The situation where resonance occurs in a DDHO system is not just confined to sinusoidal driving forces. Using Fourier analysis, we can decompose more arbitrary driving forces into a sum of sinusoidal driving forces of different frequencies. The simplest of these cases is when the driving force is periodic with some period \(\tau\). Even if the driver isn’t sinusoidal, we can decompose it into a linear combination of cosines of different frequencies, i.e. a Fourier Series, \[ f(t) = \sum_{n=-\infty}^{\infty} f_n e^{i \omega n t}, \] where each \(f_n\) can be found via the formula \[ f_n = \langle f(t), e^{i \omega n t} \rangle = \frac{\omega}{\pi} \int_0^{\tau} f(t) e^{i \omega n t} dt. \] Using the principle of superposition, we could then find the solution for each of the sinusoidal drivers term by term, and then sum them together to get the full solution. Each term will have amplitude and phase \[ A_n = \frac{f_n}{\sqrt{(\omega_0^2-\omega^2 n^2)^2 + (2\beta\omega n)^2}}, \quad \delta_n = \tan^{-1} \frac{2\beta\omega n}{\omega_0^2-\omega^2n^2}. \] Plugging these in will yield a general solution of the form \[ x(t) = x_h(t) + \sum_{n=1}^{\infty} A_n \cos(\omega n t - \delta_n). \] Each component will yield its own resonance frequency where \(\omega n \approx -\omega_0\). As a function of the main driving frequency, this means there will resonances at each \(\omega_n = \frac{\omega_0}{n}\).
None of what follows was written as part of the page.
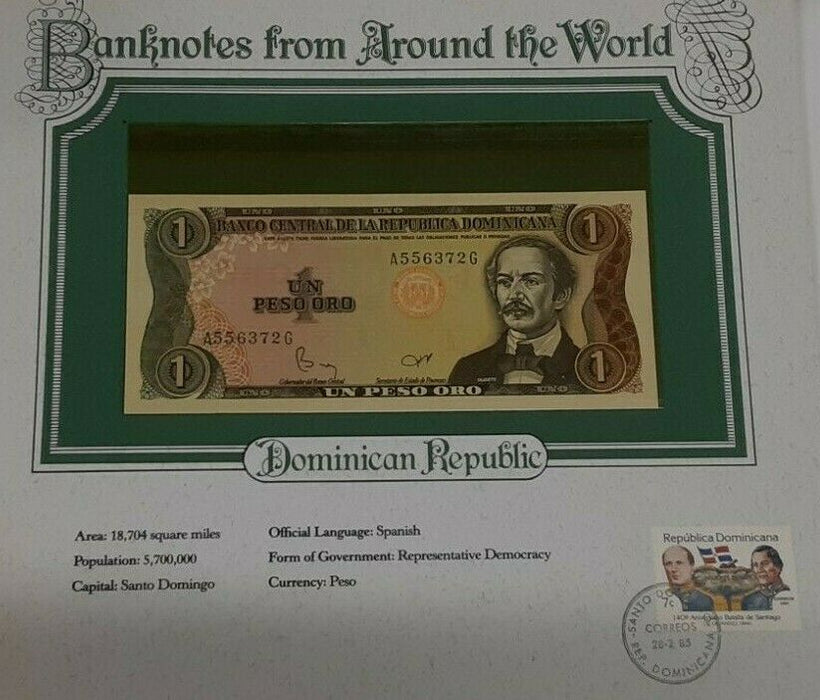 1984 Dominican Republic 1 Peso Oro Banknote Crisp Unc. in Stamped Info Card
The resonance curve for \(A^2\) can be found via Parseval’s Theorem, which says \[ A^2 = \langle x^2(t) \rangle = \frac{1}{2} \sum_{n=0}^\infty A_n^2. \] The peaks evidently go to zero as \(n \rightarrow \infty\) since each \(A_n^2 \propto f_n^2\) and each \(f_n \rightarrow 0\) by the Riemann–Lebesgue lemma.
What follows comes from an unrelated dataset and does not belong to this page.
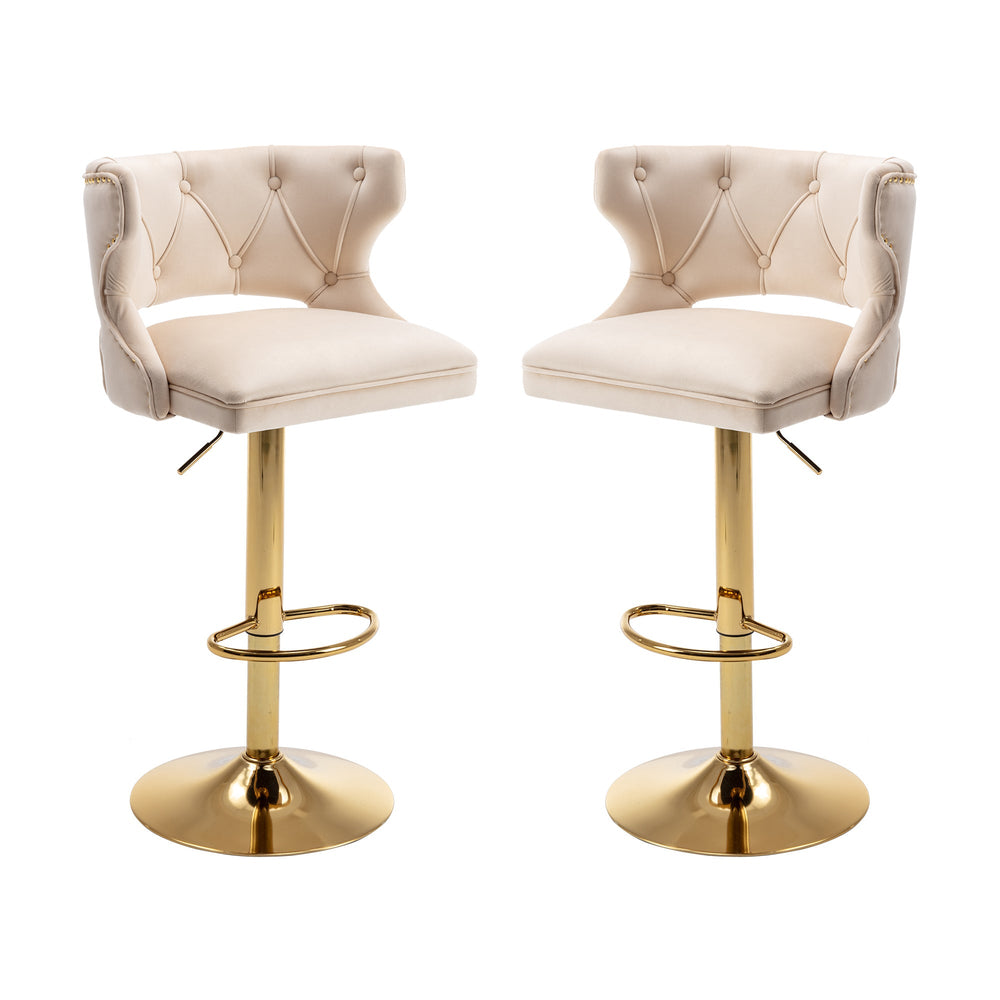 Set of 2 Modern Fashionable Velvet Bar Stools by Blak Hom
What if the driving force isn’t periodic? In this case we have a few options. One would be to decompose it into its Fourier transform, \[ f(t) = \int_{-\infty}^{\infty} f(\omega) e^{i\omega t} dt. \] Then each term gives a set of complex amplitudes and phases that can be solved for and stitched back together to get \(x(t)\). Another solution that’s perhaps more common is to use Green’s functions. Instead of decomposing the driver into a linear combination of periodic functions, we’ll decompose it into a linear combination of impulse responses or delta functions, \[ f(t) = \int_{-\infty}^{\infty} f(t') \delta(t-t') dt'. \] To find the solution \(x(t)\), we first need to find the particular solution \(G(t-t')\) to the DDHO with an impulse response, \[ \ddot G + 2\beta\dot G + \omega_0^2 G = \delta(t - t'). \] Once this is found, we can stitch together the full solution as \[ x(t) = \int_{-\infty}^{\infty} f(t') G(t-t') dt'. \] Note the Green’s function solution already incorporates in the homogeneous solution since \(G(t-t')\) must itself satisfy the initial conditions.